[[ Given data open ]]
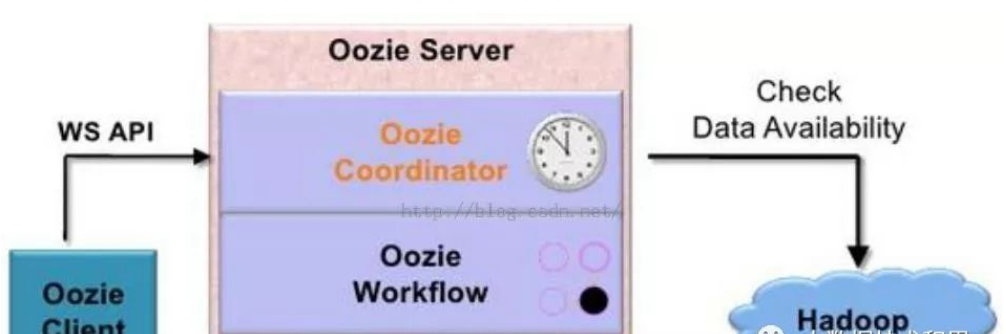 大数据工作流Oozie怎么理解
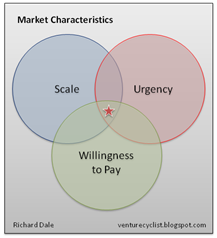 Scale-Urgency-WillingnessToPay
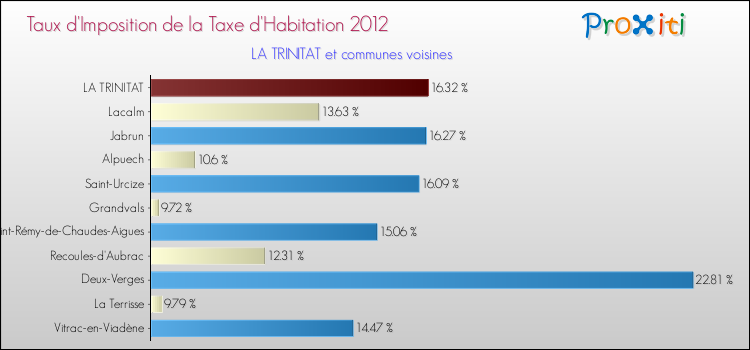 Taux d'imposition de la taxe d'habitation 2012 pour LA TRINITAT et les communes proches Comparaison des taux d'imposition de la taxe d'habitation 2012 pour LA TRINITAT et les communes voisines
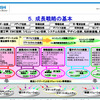 三菱電機が発表した経営戦略計画資料（2012年5月）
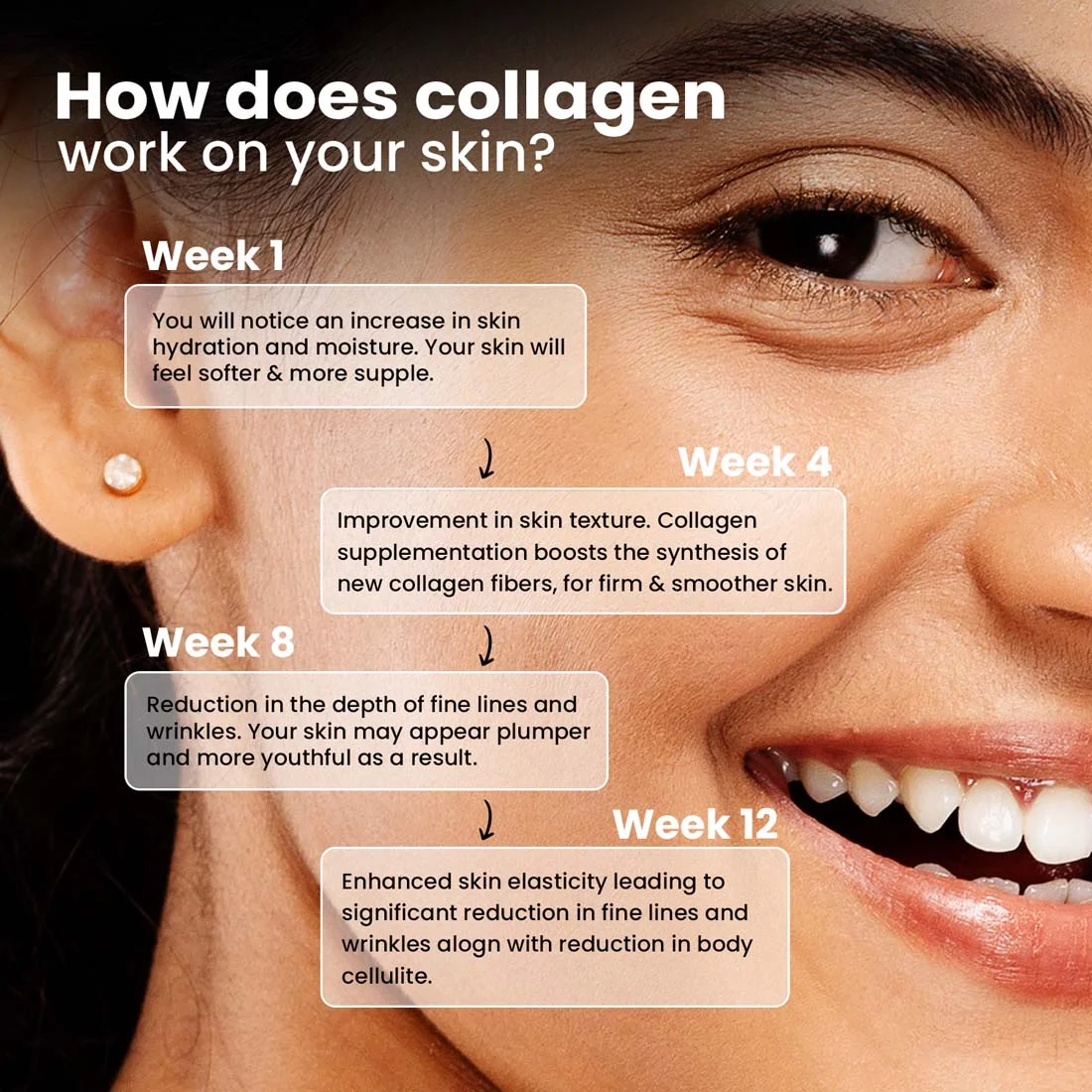 Mighty Collagen - Pure 8000mg Japanese Marine Collagen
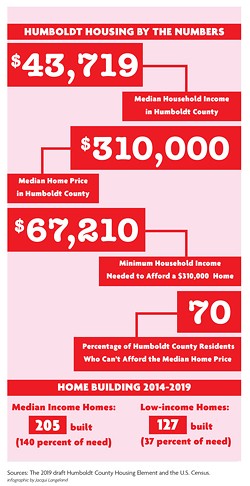 INFOGRAPHIC BY JACQUI LANGELAND - HUMBOLDT HOUSING BY THE NUMBERS Sources: The 2019 draft Humboldt County Housing Element and the U.S. Census.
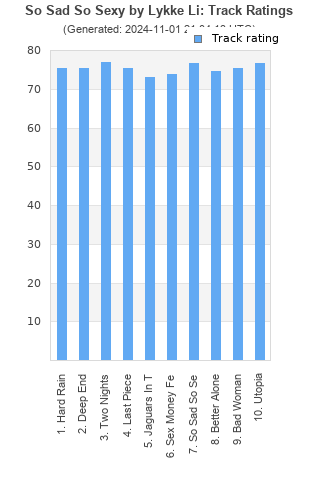 Track ratings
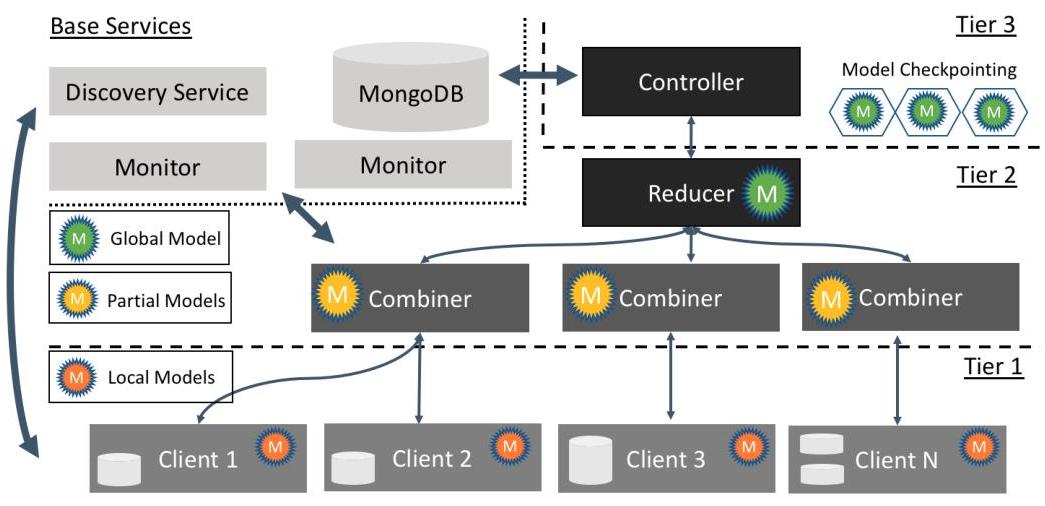 The three-tier architecture of FEDn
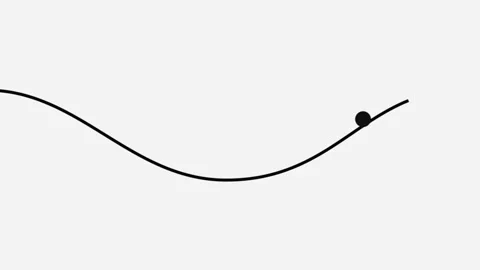 Abstract animated line with circular motion moving dot. White background. Space Stock Footage 265882677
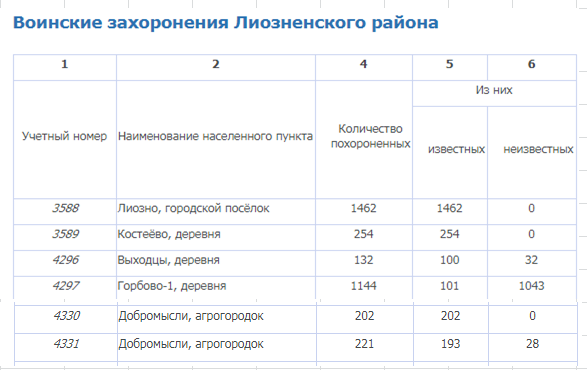 данные с сайта Лиозненского исполнительного комитета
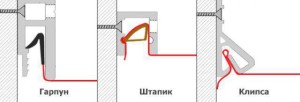 Виды натяжного потолка по методы крепления к каркасу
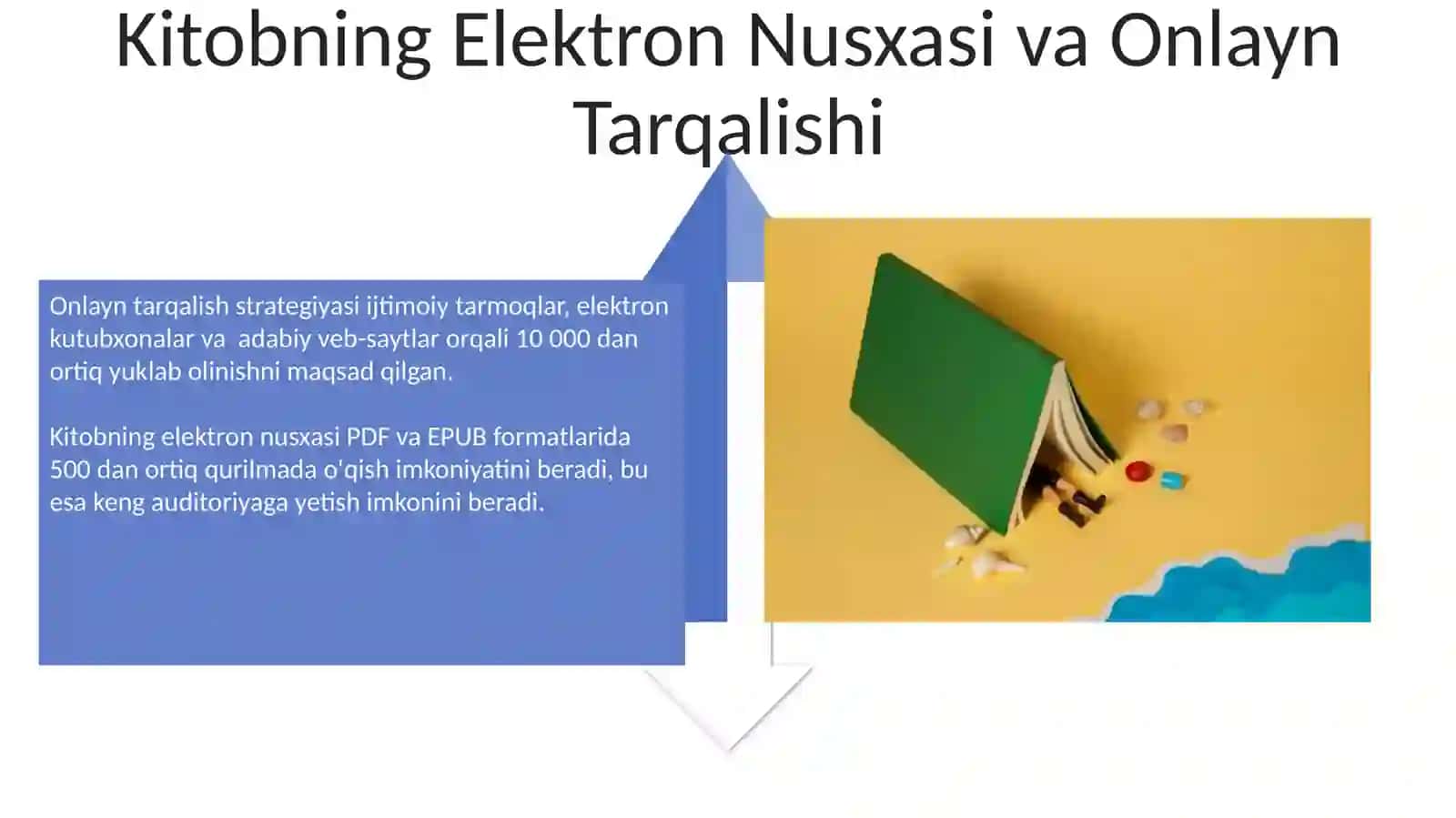 Saodat asri qissalari kitobi 4
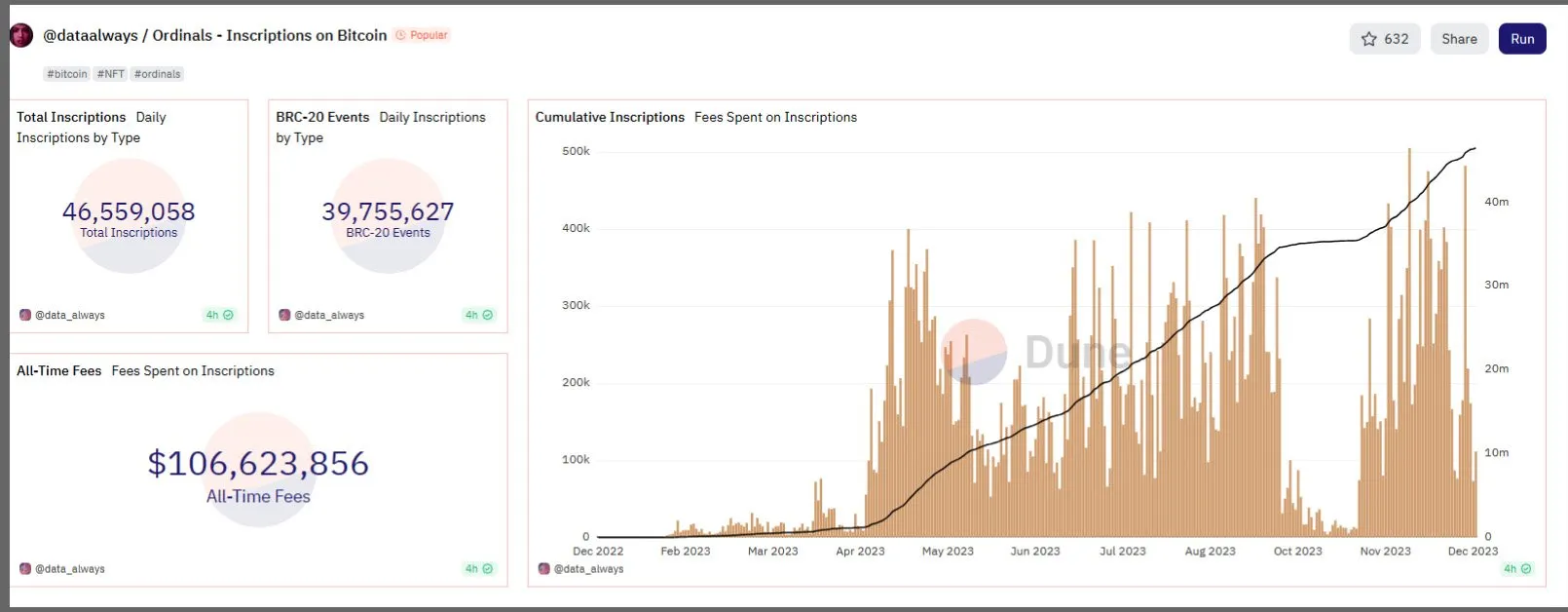 Inscrições em Bitcoin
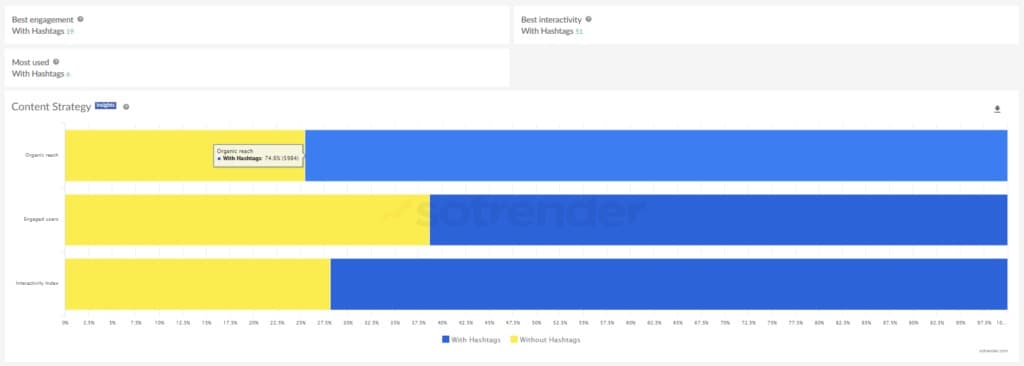 outil analyse hashtag reseaux sociaux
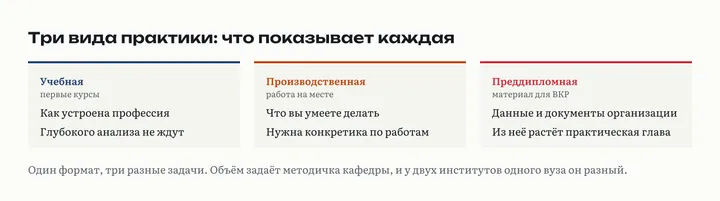 Сравнение трёх видов практики: учебная, производственная и преддипломная, что показывает каждая
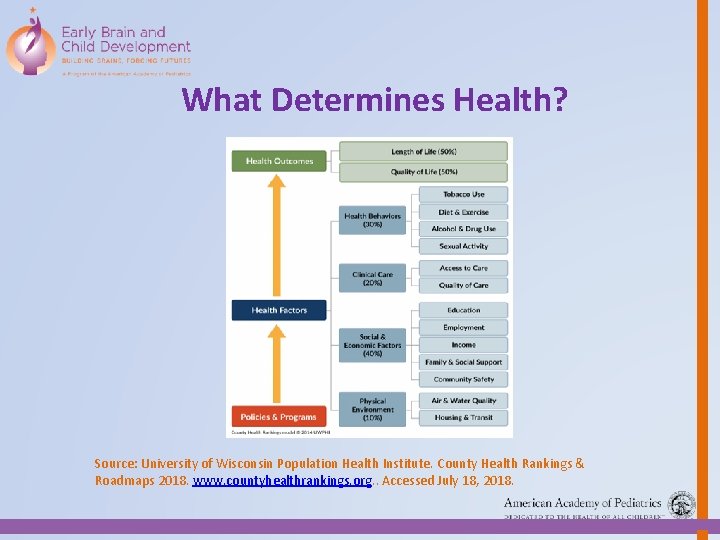 What Determines Health? Source: University of Wisconsin Population Health Institute. County Health Rankings &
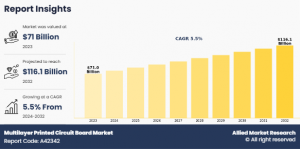 Multilayer Printed Circuit Board Market trends-analysis
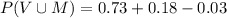 \\ P(V \cup M) = 0.73 + 0.18 - 0.03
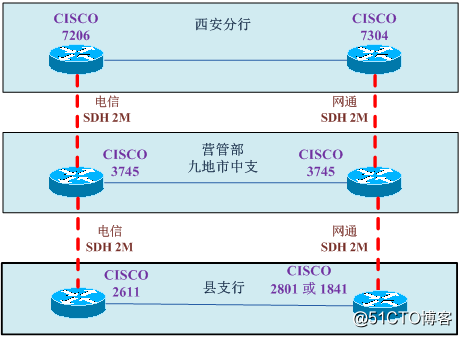 网络工程师成长日记383-某银行某市中心支行市县网络扩容项目工程感想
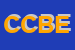 Logo di CENTRO COPIE DI BOSCOLO ELEONORA
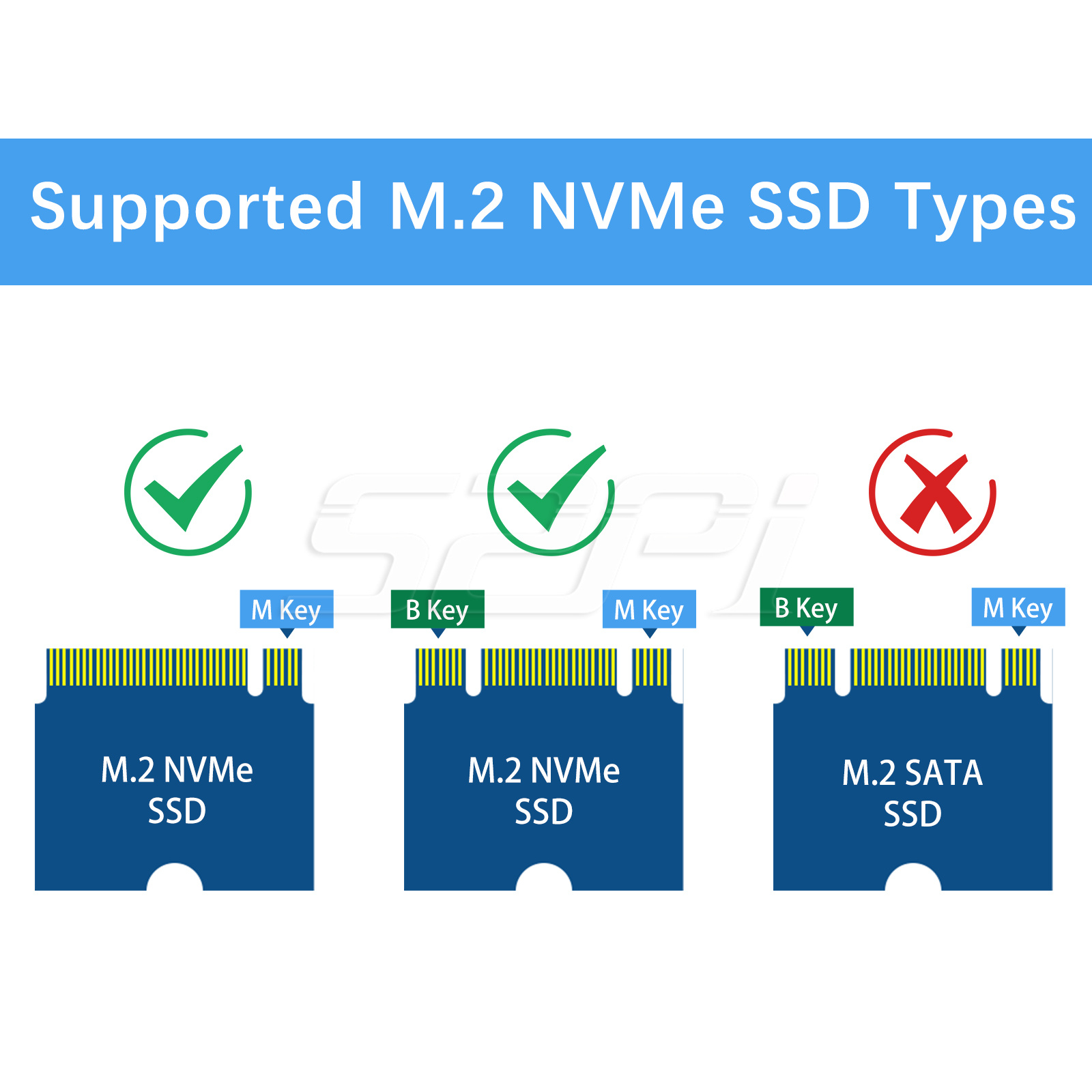 Carte adaptateur d'extension s - Turing Pi 2 avis et prix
[[ Given data closed ]]
Reproduce exactly, and only, the lines from the one holding "网络工程师成长日记383-某银行某市中心支行市县网络扩容项目工程感想" through the final line of the entries. Do not include the pictures.

 网络工程师成长日记383-某银行某市中心支行市县网络扩容项目工程感想
 Logo di CENTRO COPIE DI BOSCOLO ELEONORA
 Carte adaptateur d'extension s - Turing Pi 2 avis et prix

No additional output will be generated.